[[ The records, beginning ]]

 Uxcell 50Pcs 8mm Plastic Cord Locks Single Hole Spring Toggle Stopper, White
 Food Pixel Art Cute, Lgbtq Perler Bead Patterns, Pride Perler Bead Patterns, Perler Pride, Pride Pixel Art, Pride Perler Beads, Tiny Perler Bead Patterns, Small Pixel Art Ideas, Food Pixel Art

[[ The records, end ]]
[[ The records, beginning ]]

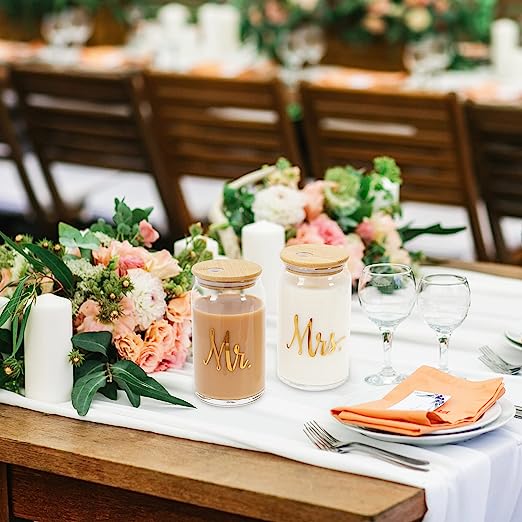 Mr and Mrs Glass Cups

[[ The records, end ]]
[[ The records, beginning ]]

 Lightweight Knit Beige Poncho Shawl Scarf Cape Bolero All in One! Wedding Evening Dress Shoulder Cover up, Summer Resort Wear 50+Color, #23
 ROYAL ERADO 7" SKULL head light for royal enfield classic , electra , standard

[[ The records, end ]]

From the material above, set down exactly the lines between the line holding "Lightweight Knit Beige" and the line holding "electra , standard", inclusive. Include nothing else.

 Lightweight Knit Beige Poncho Shawl Scarf Cape Bolero All in One! Wedding Evening Dress Shoulder Cover up, Summer Resort Wear 50+Color, #23
 ROYAL ERADO 7" SKULL head light for royal enfield classic , electra , standard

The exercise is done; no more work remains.